In [37]:
import torch
import torch.nn as nn
import torch.optim as optim
import numpy as np
from torch.utils.data import DataLoader, TensorDataset
from tqdm.auto import tqdm
import math

In [38]:
# ------------------------------------------------------------------------
# 1) A discrete and Sigmoid diffusion schedule
# ------------------------------------------------------------------------
class DiscreteDiffusionSchedule:
    """
    Simple linear schedule of alpha_t from t=1..T,
    where alpha_t = min_alpha + (max_alpha - min_alpha)*(t/T).
    """
    def __init__(self, T=10, min_alpha=0.1, max_alpha=0.7):
        self.T = T
        self.alphas = []
        for t in range(1, T+1):
            frac = t / T
            alpha_t = min_alpha + (max_alpha - min_alpha)*frac
            self.alphas.append(alpha_t)

    def __len__(self):
        return self.T

    def __getitem__(self, t):
        # t in [1..T], python indexing 0..T-1
        return self.alphas[t-1]

class SigmoidDiffusionSchedule:
    """
    Sigmoid schedule of alpha_t from t=1..T.

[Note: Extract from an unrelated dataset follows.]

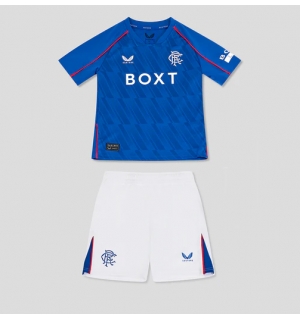 Rangers Hjemmedraktsett Barn 2024-25 Kortermet (+ Korte bukser)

    alpha_t = min_alpha + (max_alpha - min_alpha)*sigmoid(k*(frac - 0.5)),
    where frac = (t-1)/(T-1).
    """
    def __init__(self, T=30, min_alpha=0.1, max_alpha=0.7, k=12.0):
        self.T = T
        self.alphas = []
        for t in range(1, T+1):
            # frac in [0..1]
            frac = (t - 1) / (T - 1)  
            # logistic
            s = 1 / (1 + math.exp(-k * (frac - 0.5)))
            alpha_t = min_alpha + (max_alpha - min_alpha) * s
            self.alphas.append(alpha_t)

    def __len__(self):
        return self.T

    def __getitem__(self, t):
        # t in [1..T], python indexing 0..T-1
        return self.alphas[t - 1]

In [4]:
# ------------------------------------------------------------------------
# 2) Forward noising that respects puzzle givens
# ------------------------------------------------------------------------
def forward_diffusion_with_puzzle(puzzle, solution, t, schedule, vocab_size, device):
    """
    puzzle:   (batch, 81) with digits in [0..9]. 0 means blank, non-zero means given.
    solution: (batch, 81) correct final solution
    t:        an integer in [1..T]
    schedule: contains alpha_t
    returns x_t: partially noised solution (batch, 81)
        - givens remain the same as solution's corresponding digit
        - blank positions get replaced with random digits w.p. alpha_t
    """
    alpha_t = schedule[t]  # fraction to noise
    puzzle = puzzle.to(device)
    solution = solution.to(device)

    # Where puzzle is nonzero => givens => do NOT overwrite
    givens_mask = (puzzle != 0)

    # We'll noise only the positions that are blank in the puzzle
    #   i.e. puzzle[i] == 0 => we can noise solution[i].
    blank_mask = (puzzle == 0)

    # Create random noise from [0..vocab_size-1] for the blank positions
    noise = torch.randint(0, vocab_size, solution.shape, device=device)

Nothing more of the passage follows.